La Evolución de la Población y de las Ciudades. De la Sociedad Estamental a la Sociedad de Clases
Durante el siglo XIX, la población española experimentó un ritmo lento de crecimiento en comparación con otros países europeos como Alemania y Gran Bretaña. Aumentó de 10,5 millones de habitantes en 1797 a 18,7 millones en 1900. Mientras que en la mayor parte de Europa se pasó a un modelo demográfico de transición debido a la Revolución Industrial, en España prevaleció el régimen demográfico antiguo, caracterizado por una alta tasa de natalidad (34%), aunque contrarrestada por la también alta tasa de mortalidad (29%). Además, la esperanza de vida era de tan solo unos 35 años.
Esto se debía a varios factores: las crisis de subsistencia que provocaron hambrunas periódicas, motivadas por factores coyunturales (sequías y heladas) y estructurales (agricultura de bajo rendimiento); las endemias, como la tuberculosis o el sarampión, motivadas por la deficiente alimentación y las pésimas condiciones higiénicas; y las epidemias, más puntuales que las endemias, como el tifus y el cólera, que mermaron considerablemente la población.
Cataluña fue una excepción, gracias a su despegue industrial desde principios de siglo. La población creció un 145% y se inició la transición al régimen demográfico moderno, con la reducción de la mortalidad y el trasvase de la población campesina a las ciudades.

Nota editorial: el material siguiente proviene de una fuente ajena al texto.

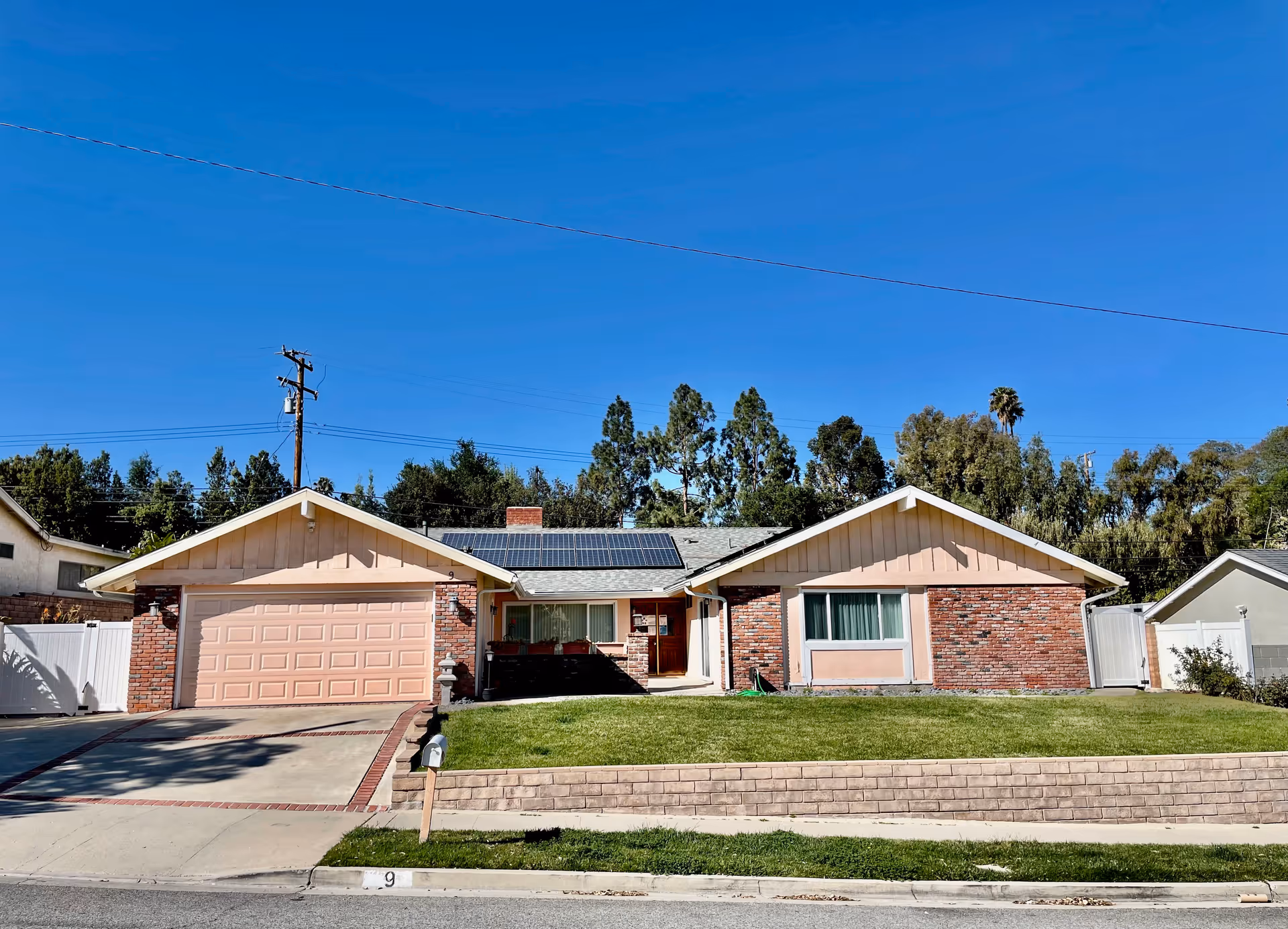 Single-story brick and stucco ranch house with an attached two-car garage, front lawn, and solar panels on the roof.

Por otro lado, durante el siglo XIX se dio una descompensación en la distribución territorial de la población. Las ventajas económicas y un mejor acceso a comunicaciones y comercio provocaron un desplazamiento continuo de las poblaciones del interior peninsular hacia las áreas costeras, con la excepción de Madrid, que recibió población de las zonas interiores cercanas. También incrementaron los flujos migratorios, tanto a ultramar (Argentina, Cuba) como del campo a las ciudades.
La industrialización atrajo población hacia Barcelona, Madrid y Bilbao, las zonas urbanas más industrializadas. No obstante, el aumento de la población urbana, aunque lento, supuso la transformación espacial de las ciudades, que tuvieron que derribar sus murallas y crear ensanches y barrios burgueses, destacando el barrio Salamanca en Madrid y la Eixample en Barcelona, con edificios en manzana cerrada, anchas avenidas y jardines. Mientras, los suburbios periféricos se llenaban de infraviviendas, viviendas comunales y corralas convertidas en barrios obreros.
En el ámbito social, el régimen liberal supuso el paso de la sociedad estamental a la de clases, cuyo criterio de división social era el nivel de renta de los individuos. Aunque la sociedad de clases era más dinámica y abierta que la estamental en lo que a ascenso y descenso social se refiere, nació con grandes desigualdades y desequilibrios.
Por un lado, la clase alta estaba formada por la nobleza, el clero y la alta burguesía. La nobleza siguió siendo la clase dirigente, conservando la influencia política y controlando los altos cargos del ejército y la administración. El clero perdió poder económico por las amortizaciones, pero mantuvo su influencia social. La alta burguesía fue la nueva clase emergente y capitalista, pues dirigían industrias y ferrocarriles. Además, nobleza y burguesía establecieron una alianza, incluso matrimonial, en la que una ponía el linaje y la otra, el capital.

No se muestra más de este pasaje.